In re Marriage of McCourt illustrates many issues that can arise regarding postmarital agreements (and marital dissolutions generally) in a family law matter when businesspeople and business attorneys become involved. It is a cautionary tale that does more in the way of providing advice in a family law matter than establishing or refining black-letter law. It provides a set of best practices for family law and business attorneys alike. Document management, proofreading, client communication, thoroughness, principles of good drafting, candor, good judgment, and discretion are all issues highlighted by the McCourt divorce case.
In 1979, Baltimore native Jamie Luskin married Boston native Frank McCourt. They lived in Boston and raised their four sons, Jamie, having a law degree from University of Maryland and business degree from M.I.T, worked as a real estate and (ironically) a family law attorney. Frank started a commercial real-estate business, the McCourt Company. Jamie later joined the McCourt Company has her husband’s general counsel.
The McCourts’ major projects included development of mixed-use waterfront property in South Boston and converting a defunct Penn Central railroad property into parking lots. The McCourts used their good fortune to purchase several homes throughout the country, including a $16 million dollar mansion in Brookline, Massachusetts, a $19.5 million dollar estate on Cape Cod, and a $6 million dollar ski home in Vail. But, after a business creditor placed a lien on the McCourts’ Brookline home, they agreed to shelter their non-business assets by putting their homes into Jamie’s name only.

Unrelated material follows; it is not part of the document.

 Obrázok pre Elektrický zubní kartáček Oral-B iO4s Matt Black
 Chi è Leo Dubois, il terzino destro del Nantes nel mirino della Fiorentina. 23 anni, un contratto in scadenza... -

Having amassed a great wealth, the McCourts wanted to realize their dream of owning a sports team. Baseball was in Frank’s blood, as his grandfather was part-owner of the Boston Braves. After several failed attempts to purchase a baseball franchise (including the Boston Red Sox, the Anaheim Angels, and the Tampa Bay Devil Rays) in 2004, the McCourts purchased the Los Angeles Dodgers from Rupert Murdoch’s News Corp. for $421 million. The franchise included the team, Dodger stadium and 276 acres of land surrounding the stadium. Frank signed $119 million in personal guarantees to purchase the team and financed $125 million using a commercial property owed by The McCourt Company in Boston. Again, to protect their personal assets from business creditors, the Dodgers franchise was purchased in Frank’s name and the properties remained in Jamie’s name. Jamie was hired as the team’s CEO.

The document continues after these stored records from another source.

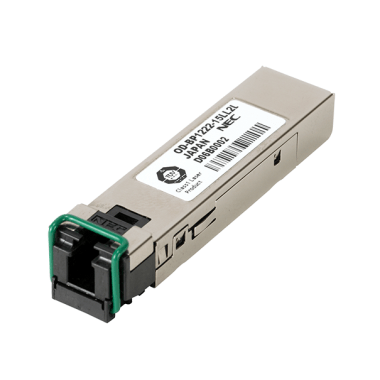 1000BASE-BX40-D用SFP 単芯双方向シングルモード光ファイバ(ダウンストリーム)(SMF:0.5m～40km)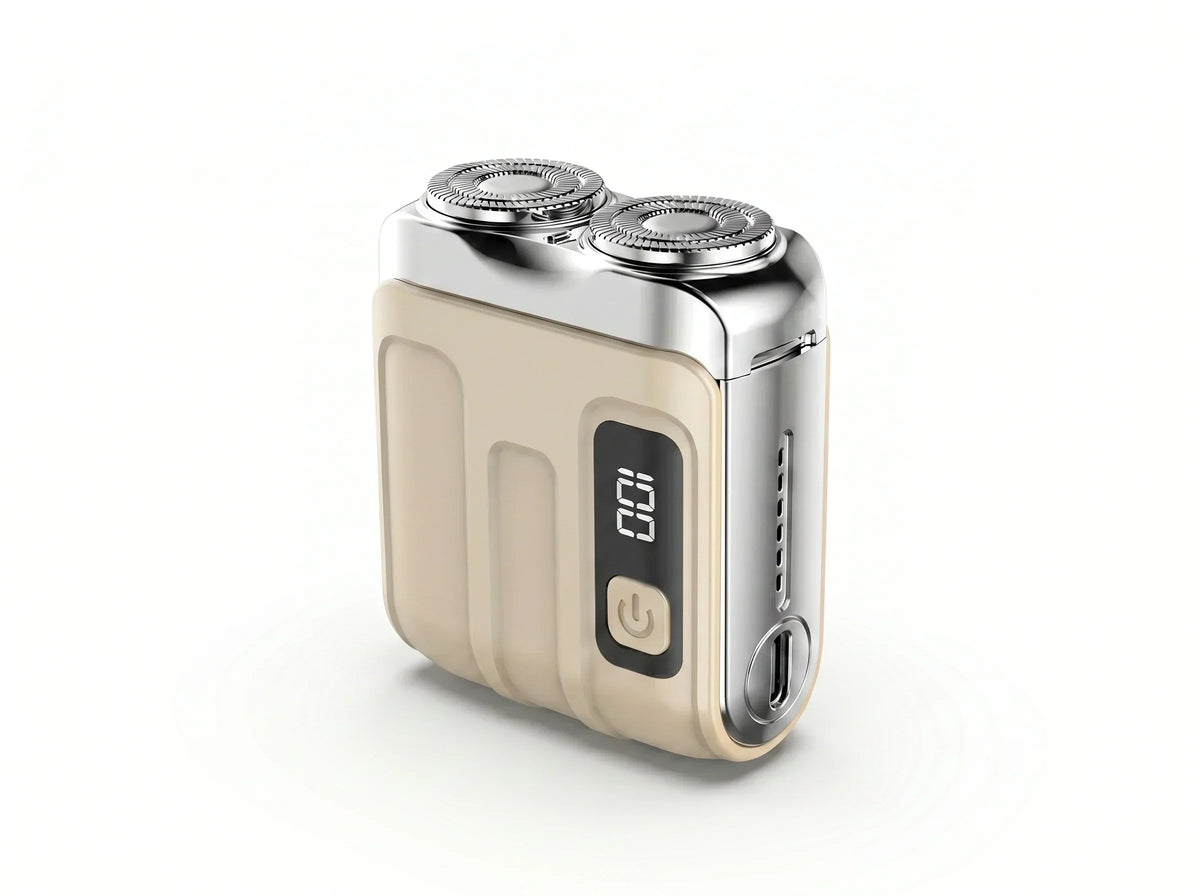 Pocket Shaver – Portable Electric Shaver for a Smooth Shave, Wherever You Are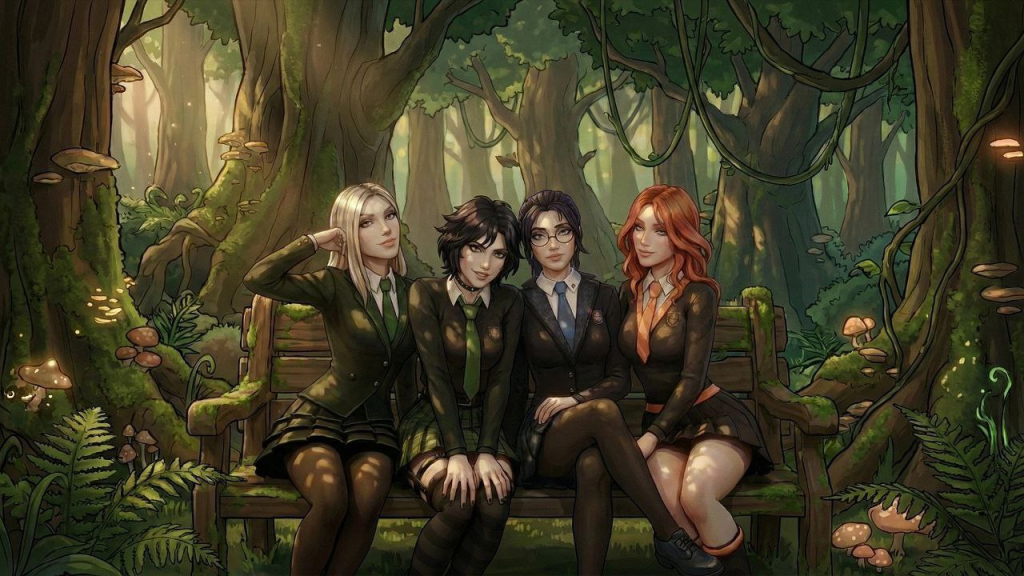 狂野女巫 Witches Gone Wild Ver0.1.5 PC+安卓-优优次元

After the franchise was purchased, and before Frank and Jamie relocated from Boston to Los Angeles, they consulted with their joint estate planning attorney, Larry Silverstein, of Bingham McCutchen LLP in Boston. This is where things went from bad to worse. The problem here was that Silverstein was not a family law attorney, nor was he admitted to practice law in the State of California. Rather, he proclaimed to have “sufficient” understanding of California law. Nevertheless, with the assistance of an estate planning attorney at his firm’s California office. Silverstein prepared a postmarital agreement and presented it to the parties’ assets and presented it to the parties for signature. There was no disclosure as to the values of the parties’ assets. Eventually, Silverstein witnessed the parties as they executed three originals in Boston before they moved. Then, to be, in his own words, “super cautious.” he had all the parties execute three more originals right after they settled into their home in California. At this point, there were six original signed versions of what was believed to be the same document.
The McCourts spent the next few years on a financial rollercoaster. They spent lavishly to maintain their powerful image, and carried a hefty payroll for the Dodgers. Their combined salaries were $7 million dollars, and they reportedly took $108 million dollars in personal distributions from the team in a period of 5 years, tax free. They were able to avoid paying taxes on the distributions because the team was operating at a loss. But, the spending took a toll, and mounting debt and rumors of Jamie’s infidelity put a strain on their high-profile marriage. On October 22, 2009, the parties announced that after 30 years of marriage they were separating They assured the public that Jamie would stay on as the Dodgers’ CEO and turned the focus away from their divorce and onto the Dodgers’ playoff run. But on October 22, 2009, one day after the Dodgers were eliminated from the playoffs, Jamie was fired as CEO.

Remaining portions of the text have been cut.